■ **Exercise**: Please set down, exactly, the line with "Photo of the" and all lines that follow it through the end of the records below.

[Available records — start]

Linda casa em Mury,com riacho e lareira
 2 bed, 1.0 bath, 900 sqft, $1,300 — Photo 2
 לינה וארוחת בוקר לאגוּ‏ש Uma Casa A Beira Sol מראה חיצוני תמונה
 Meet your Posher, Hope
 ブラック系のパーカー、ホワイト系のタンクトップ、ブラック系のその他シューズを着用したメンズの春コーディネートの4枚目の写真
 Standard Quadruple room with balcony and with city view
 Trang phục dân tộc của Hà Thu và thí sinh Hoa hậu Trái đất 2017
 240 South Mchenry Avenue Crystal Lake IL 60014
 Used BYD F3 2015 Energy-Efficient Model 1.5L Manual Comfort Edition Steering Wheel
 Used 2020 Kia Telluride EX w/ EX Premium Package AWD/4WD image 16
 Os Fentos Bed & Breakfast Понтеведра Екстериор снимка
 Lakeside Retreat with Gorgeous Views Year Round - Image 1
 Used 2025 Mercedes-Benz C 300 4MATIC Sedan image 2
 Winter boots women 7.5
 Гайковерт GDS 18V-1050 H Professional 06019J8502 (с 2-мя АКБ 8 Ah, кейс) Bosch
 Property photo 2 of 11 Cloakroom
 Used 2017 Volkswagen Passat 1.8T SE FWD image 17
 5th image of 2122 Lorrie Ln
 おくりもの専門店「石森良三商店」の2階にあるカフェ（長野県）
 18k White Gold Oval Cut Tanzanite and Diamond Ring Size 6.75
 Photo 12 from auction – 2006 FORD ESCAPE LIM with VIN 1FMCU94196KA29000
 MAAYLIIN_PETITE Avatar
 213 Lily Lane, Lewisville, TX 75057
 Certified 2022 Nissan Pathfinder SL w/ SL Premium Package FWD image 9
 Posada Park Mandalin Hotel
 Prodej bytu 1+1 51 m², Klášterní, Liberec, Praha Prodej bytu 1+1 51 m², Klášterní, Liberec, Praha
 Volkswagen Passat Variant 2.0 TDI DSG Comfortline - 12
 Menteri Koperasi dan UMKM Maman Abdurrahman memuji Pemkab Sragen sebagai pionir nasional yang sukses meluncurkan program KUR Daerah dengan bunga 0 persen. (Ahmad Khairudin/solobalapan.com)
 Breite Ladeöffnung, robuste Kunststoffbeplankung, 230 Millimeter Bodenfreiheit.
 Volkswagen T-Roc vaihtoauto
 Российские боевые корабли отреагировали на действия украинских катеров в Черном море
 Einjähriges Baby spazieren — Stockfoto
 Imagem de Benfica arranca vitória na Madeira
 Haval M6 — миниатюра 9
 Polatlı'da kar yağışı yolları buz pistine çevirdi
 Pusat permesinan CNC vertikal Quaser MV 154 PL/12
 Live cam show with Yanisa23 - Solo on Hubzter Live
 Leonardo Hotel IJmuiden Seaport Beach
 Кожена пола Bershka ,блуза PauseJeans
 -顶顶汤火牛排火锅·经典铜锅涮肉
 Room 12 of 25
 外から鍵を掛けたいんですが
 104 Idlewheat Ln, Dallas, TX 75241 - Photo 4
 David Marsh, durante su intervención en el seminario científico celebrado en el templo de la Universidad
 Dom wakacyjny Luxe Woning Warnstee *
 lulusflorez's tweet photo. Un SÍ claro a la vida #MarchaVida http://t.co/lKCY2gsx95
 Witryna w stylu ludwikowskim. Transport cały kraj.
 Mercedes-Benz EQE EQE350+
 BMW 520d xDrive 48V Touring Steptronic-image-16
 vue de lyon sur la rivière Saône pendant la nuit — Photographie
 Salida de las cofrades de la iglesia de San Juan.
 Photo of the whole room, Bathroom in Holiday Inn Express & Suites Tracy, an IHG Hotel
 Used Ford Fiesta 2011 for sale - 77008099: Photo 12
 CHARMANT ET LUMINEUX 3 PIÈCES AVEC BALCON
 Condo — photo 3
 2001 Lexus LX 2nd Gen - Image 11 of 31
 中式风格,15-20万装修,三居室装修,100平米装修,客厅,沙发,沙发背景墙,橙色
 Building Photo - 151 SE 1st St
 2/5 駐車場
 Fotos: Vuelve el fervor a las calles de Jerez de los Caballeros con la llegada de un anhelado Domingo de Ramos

[Available records — finish]

■ **Output for this task**:
 Photo of the whole room, Bathroom in Holiday Inn Express & Suites Tracy, an IHG Hotel
 Used Ford Fiesta 2011 for sale - 77008099: Photo 12
 CHARMANT ET LUMINEUX 3 PIÈCES AVEC BALCON
 Condo — photo 3
 2001 Lexus LX 2nd Gen - Image 11 of 31
 中式风格,15-20万装修,三居室装修,100平米装修,客厅,沙发,沙发背景墙,橙色
 Building Photo - 151 SE 1st St
 2/5 駐車場
 Fotos: Vuelve el fervor a las calles de Jerez de los Caballeros con la llegada de un anhelado Domingo de Ramos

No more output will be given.